Auto is the new black — Google AutoML, Microsoft Automated ML, AutoKeras and auto-sklearn
Motivation: Life is hard
Achieving state-of-the-art performance in a given data set is hard. It usually implies carefully selecting the right data pre-prossessing tasks, picking the right algorithm, model and architecture and pairing it with the right set of parameters. This end-to-end process is usually called Machine Learning Pipeline. There is no rule of thumb in which direction to go and, with more models beings developed all the time, even picking the right model is becoming challenging. Hyper-parameter tuning usually requires walking or sampling over all the possible values and just trying them out. However, there is no any warranty about finding something useful. In this context, automating the selection and tuning of machine learning pipelines has long been one of the goals of the machine learning community. This kind of task are usually referred as meta-learning — learning about learning.
It also seems it’s been in our landscape for the beginning of the times. A funny fairy tale…
Once upon a time, there was a sorcerer who trained models in a framework that does not longer exist, in a programing language that nobody longer codes in. One day, an old man asked him to train a model for a mysterious dataset.
The sorcerer tried to train the model in thousands of different ways without luck. He went to his library looking for a way out and he found a book about a special spell. A spell that could send him to a hidden realm where everything was discovered, every possible model was tried and every optimization technique was done. He cast the spell and was sent there. He then saw exactly what to do to get a better model. And so he did. Before returning, he could not resist the temptation of bringing all such power with him, so he conferred all the wisdom of the realm into a stone he called Auto. And so he returned. The legend says that who masters the power of the stone would be able to train any model ever wanted.

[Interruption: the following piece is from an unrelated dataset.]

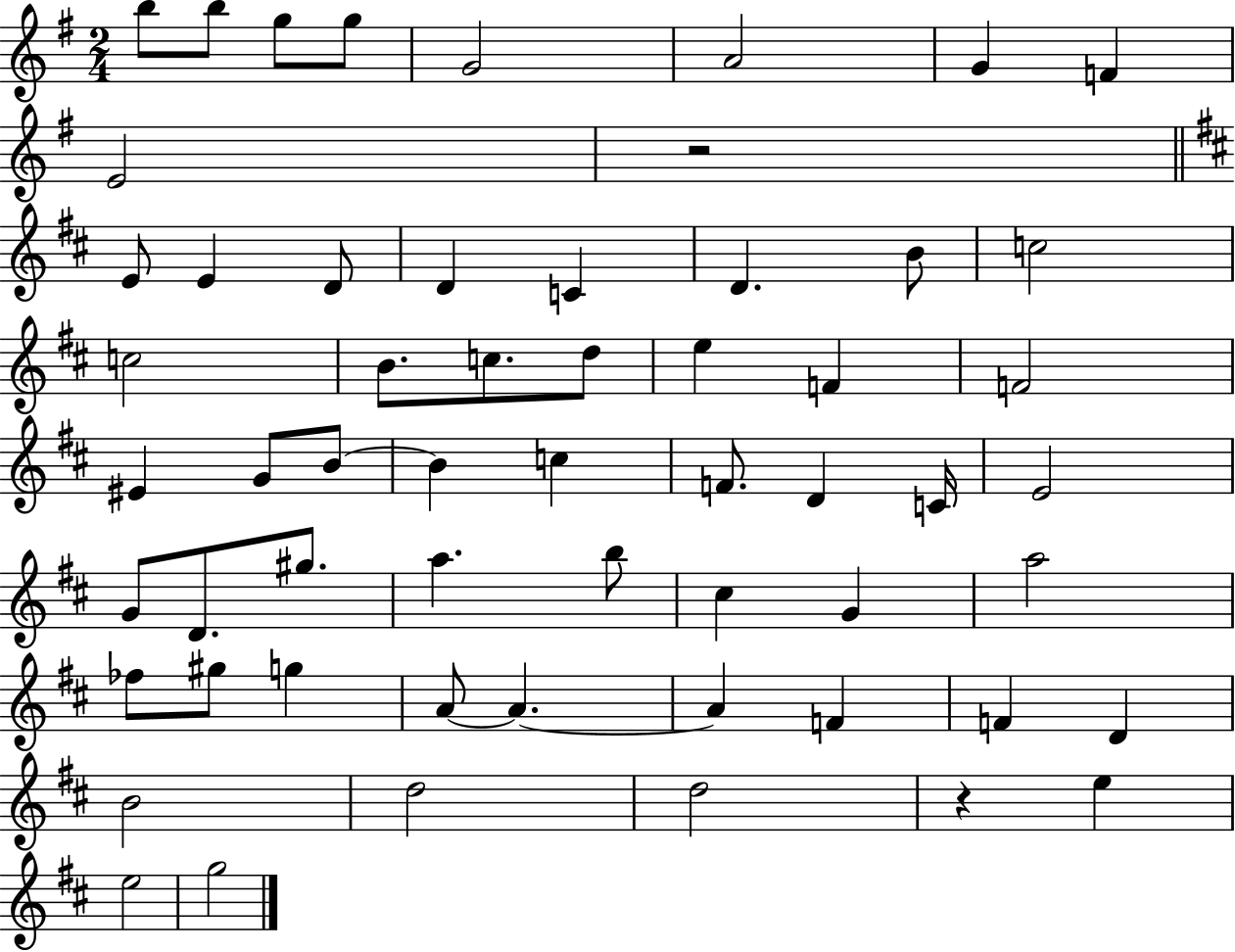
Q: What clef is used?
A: treble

Scary, isn’t it? I don’t know if the story is true, but back in the modern life the big players in the machine learning space seem to be interested in making such story a reality (probably with some alterations). In this post, I will share which options are available and try to help you build some intuition about what they are doing (since although all having the word “auto” in their names, they share nothing in common)
Azure Automated Machine Learning (now GA)
Cloud-based: Yes (Evaluation, Training can be done in any compute target)
Supports: Classification, Regression
Techniques: Probabilistic Matrix Factorization + Bayesian optimization
Training framework: sklearn
The idea behind this approach is that if two data sets have similar (i.e. correlated) results for a few pipelines, it’s likely that the remaining pipelines will produce results that are similar as well. This may sound familiar to you. Specially if you have worked before with a collaborative filtering problem for recommendation, where if two users liked the same item in the past, it’s more likely that they will like similar ones in the future.
Solving the problem implies two things: learning a hidden representation to capture the relationships between different data sets and different machine learning pipelines to predict the accuracy a pipeline will get on a given data set, and, learning a function that successfully informs you which pipeline to try next. The first task is addressed by creating a matrix with the balanced accuracy that different pipelines got over different data sets. The paper describing the method specifies they tried 42.000 different ML pipelines over around 600 data sets. Probably what you can see today in Azure is different, but you may get an idea. The author states that the hidden representation successfully captured information not just about the models, but about the hyper-parameters and the data-sets characteristics. (note that this learning process is happening in an unsupervised fashion).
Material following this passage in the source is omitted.